William Byrd (1540 – 4 July 1623)
William Byrd (1540 – 4 July 1623) was one of the most celebrated English composers of the Renaissance. His entire life was marked by contradictions, and as a true Renaissance man he cannot be easily categorised. He lived until well into the seventeenth century without writing music in the new Baroque fashion, but his superbly constructed keyboard works marked the beginning of the Baroque organ and harpsichord style.
Like so many gifted musicians in Renaissance Europe, Byrd began his career at a very early age. He almost certainly sang in the Chapel Royal during Mary Tudor's reign (1553–1558), "bred up to music under Thomas Tallis". This places him in the best choir in England during his impressionable teenage years, alongside the finest musicians of his day, who were brought in from all over the British Isles, from the Netherlands, and even from Spain and Portugal. “Bloody Mary” spent her brief reign reacting to the excesses of Protestant austerity under her predecessor Edward VI. One of the more pleasant aspects of this was her taste for elaborate Latin church music. Byrd seems to have thrived on the exuberant, creative atmosphere: one manuscript from Queen Mary's chapel includes a musical setting of a long psalm for Vespers, with eight verses each by leading court composers William Mundy and John Sheppard, and four verses by the young Byrd. They must have recognised his talent and invited him to work with them.

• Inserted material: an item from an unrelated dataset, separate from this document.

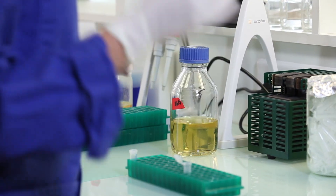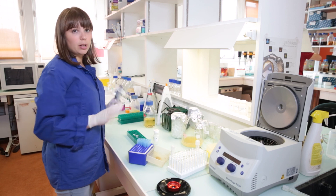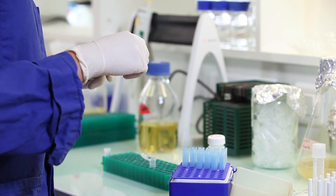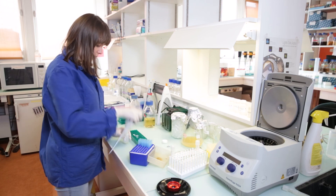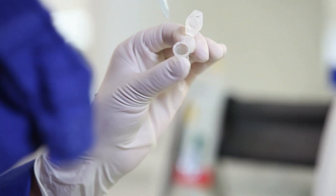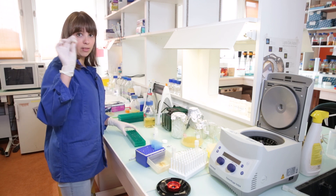First step is to add cell lysis buffer. Usually for mini preps you will be using a commercial kit and all the solutions already come prepared for you. The kits differ a little bit between brands but the principle is the same. First we are adding the cell re-suspension buffer — 200 µl of this buffer — and the point is to re-suspend the cells in this solution. So we pour it into the tube, and then the pellet is re-suspended.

He was eighteen years old when Mary died and the staunchly Protestant Queen Elizabeth succeeded her. The sudden change may well have driven him away from court. He shows up again in his mid-twenties as organist and choirmaster of Lincoln Cathedral, living at 6 Minster Yard in the cathedral close. There the clergy apparently had to reprimand him for playing at excessive length during services, although he did continue to write music specifically to be played at Lincoln even after his move to London
After being named a Gentleman of the Chapel Royal in 1572, a well-paying job with considerable privileges attached to it, he moved back to London. He worked there as a singer, composer and organist for more than two decades. Just after his appointment, he and Tallis obtained a joint printing license from Queen Elizabeth. He published three collections of Latin motets or Cantiones Sacrae, one (in 1575) with the collaboration of his teacher and two (in 1589 and 1591) by himself after the older man had died. Alongside these, he brought out two substantial anthologies of music in English, Psalmes, Sonets and Songs in 1588 and Songs of Sundrie Natures in 1589. He also wrote a large amount of Anglican church music for the Chapel Royal, including such masterpieces as the ten-voice Great Service and well-known anthems such as Sing joyfully. In 1593 he moved with his family to the small village of Stondon Massey in Essex, and spent the remaining thirty years of his life there, devoting himself more and more to music for the Roman liturgy. He published his three famous settings of the Mass Ordinary between 1592 and 1595, and followed them in 1605 and 1607 with his two books of Gradualia, an elaborate year-long musical cycle. He died on July 4, 1623, and is buried in an unmarked grave in the Stondon churchyard.